# What is expected
Without pictures, retype the following entries exactly.

= Beginning of Section =

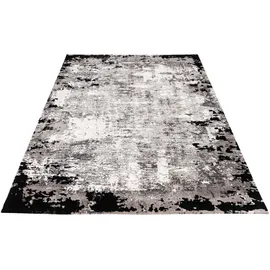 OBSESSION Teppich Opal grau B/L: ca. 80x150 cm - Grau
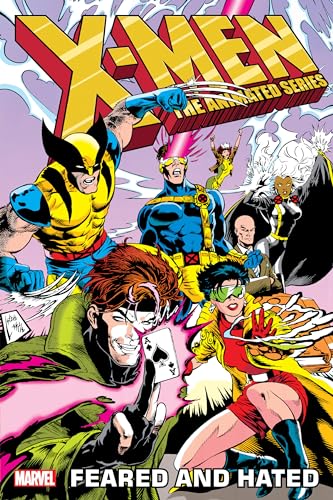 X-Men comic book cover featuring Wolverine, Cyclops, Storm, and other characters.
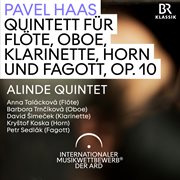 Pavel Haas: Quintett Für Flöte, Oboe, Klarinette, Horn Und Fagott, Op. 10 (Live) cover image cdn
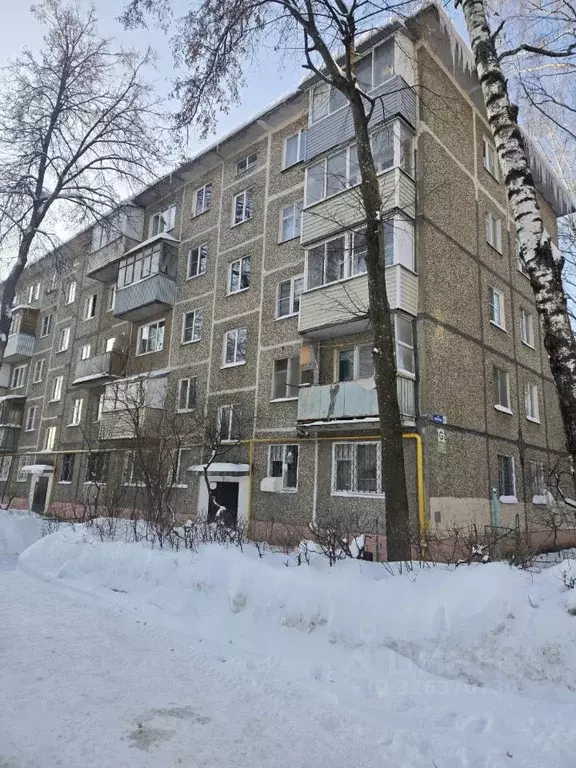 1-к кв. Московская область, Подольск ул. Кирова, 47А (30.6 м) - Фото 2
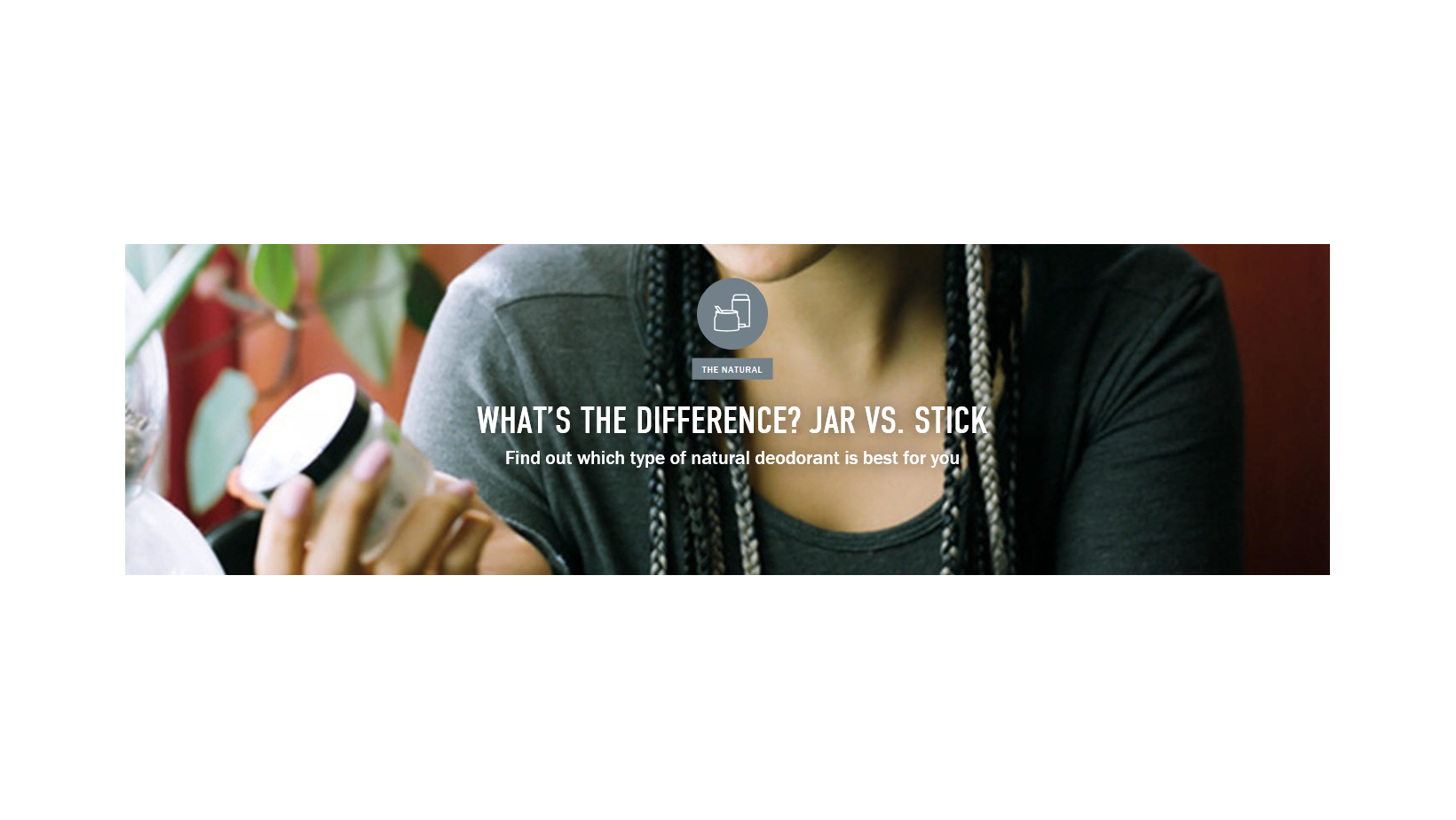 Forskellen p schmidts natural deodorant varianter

= End of Section =

# Solution to this task
 OBSESSION Teppich Opal grau B/L: ca. 80x150 cm - Grau
 X-Men comic book cover featuring Wolverine, Cyclops, Storm, and other characters.
 Pavel Haas: Quintett Für Flöte, Oboe, Klarinette, Horn Und Fagott, Op. 10 (Live) cover image cdn
 1-к кв. Московская область, Подольск ул. Кирова, 47А (30.6 м) - Фото 2
 Forskellen p schmidts natural deodorant varianter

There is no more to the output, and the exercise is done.